Unending debate on impeachment

FOR several days now since the House of Representatives transmitted to the Senate the articles of impeachment against Vice President Sara Duterte last February 5, the issue of when the Senate will begin hearing the case has dominated the discussions in media and other sectors.

Most legal luminaries have taken the position of retired Senior Associate Justice Adolfo Azcuna who said, quoting Article XI of the 1987 Constitution, that once the complaint or resolution of impeachment, signed and verified (meaning under oath) by at least one-third of the member of the House, is filed, it constitutes the Articles of Impeachment, and trial by the Senate shall forthwith proceed.

Azcuna explained that even if the senators are on legislative recess, they have to convene, take the required oath or affirmations, and proceed to trial.  “There is no need for a call.  The provision of Article XI is the call.  It is, in fact and in law, an order,” he said.

Election lawyer Romulo Macalintal meanwhile proffered that campaigning in these national and local elections would not be a valid excuse for the present Senate to pass on to the new Senate its constitutional duty to immediately start without delay the proceedings.

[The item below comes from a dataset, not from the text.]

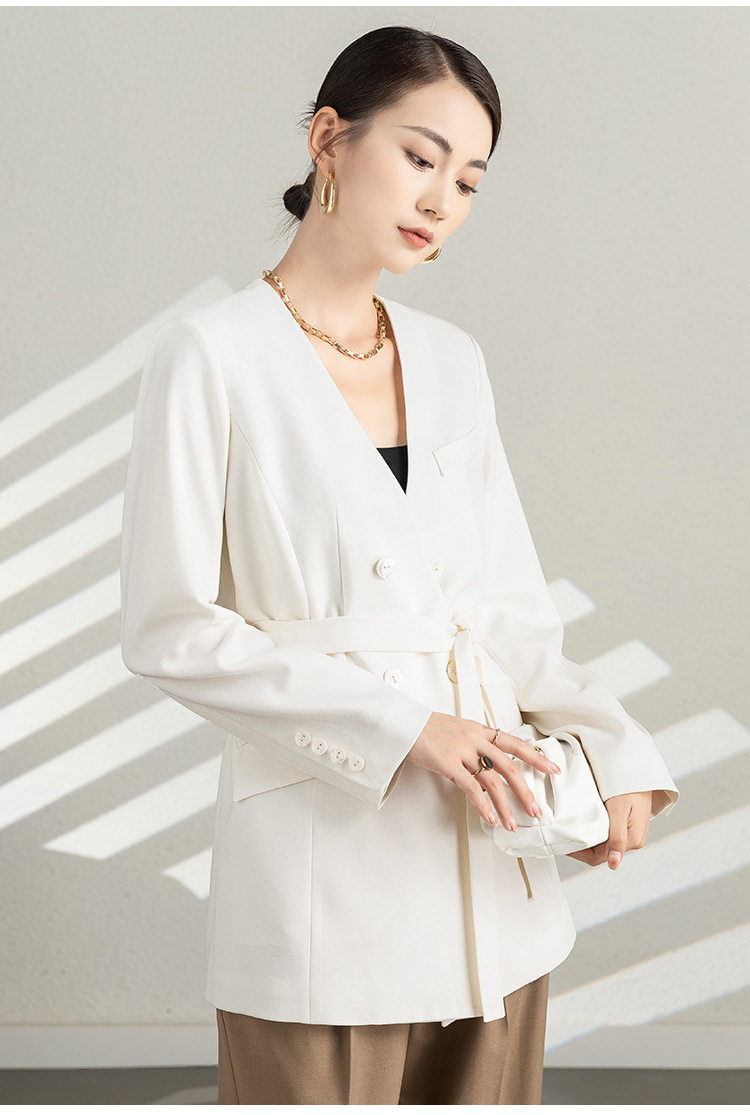 Áo blazer nam cổ chữ V thiết kế dây buộc, chất liệu vân, form slim — Màu Đen (không có cổ áo) chi tiết 9
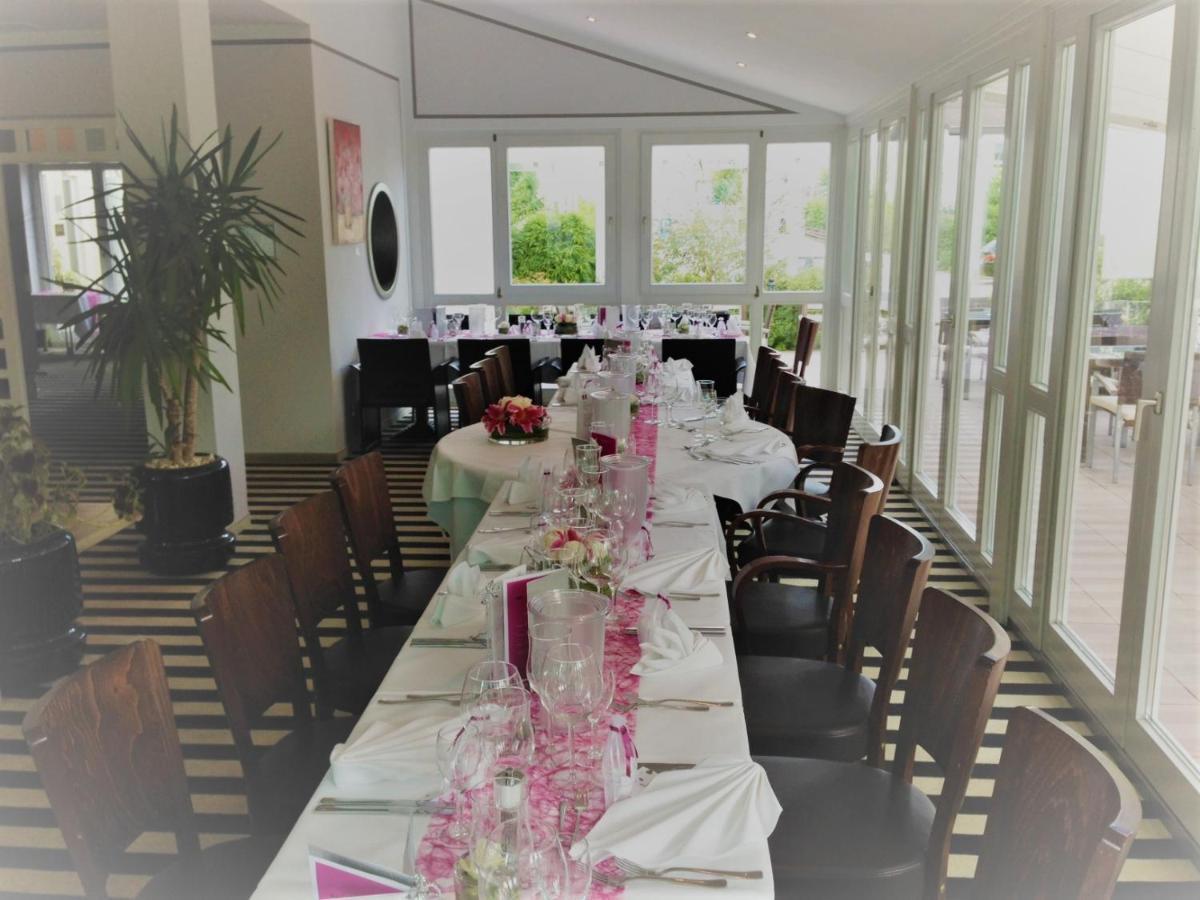 Hotel Ambiente Walldorf Екстер'єр фото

Macalintal believes that if the impeachment case should be taken up by the Senate under the 20th Congress, then “it is doomed to fail.”

This is because the very rules of the present Senate, (Section 123, Rule XLIV) provide: All pending matters and proceedings shall terminate upon the expiration of one Congress, but may be taken up by the succeeding Congress, as if presented for the first time,” he explained.

Senate President Francis Escudero, the head of the Senate which is the chamber mandated by the Constitution to constitute itself as the impeachment court and hold the trial, maintains that a session is needed for the impeachment rules to be approved and an impeachment court to be convened.

Since the court was not convened during the last day of session last Feb. 5, Escudero maintained that the process will have to commence after the resumption of sessions on June 2.

As various other opinions are floated, a lawyer and former government official filed a petition with the Supreme Court seeking to compel the Senate to immediately convene as an impeachment court and begin the public trial of Vice President Sara Duterte.  His request is for the High Tribunal to issue a writ of mandamus to this effect.

Catalino Generillo Jr., a former special government counsel of the Presidential Commission on Good Government (PCGG), argued that the Constitution does not permit the Senate to delay its duty during recess.

On one hand, some measure of political stability may be achieved if the SC would take a definitive stand on this issue.  On the other, the High Tribunal might refrain from issuing a ruling and respect the principle of co-equal powers in the government structure.

The journey of the impeachment process has always been bumpy, with laws and rules prone to be set aside because after all, impeachment is a political process, and not regular criminal proceedings.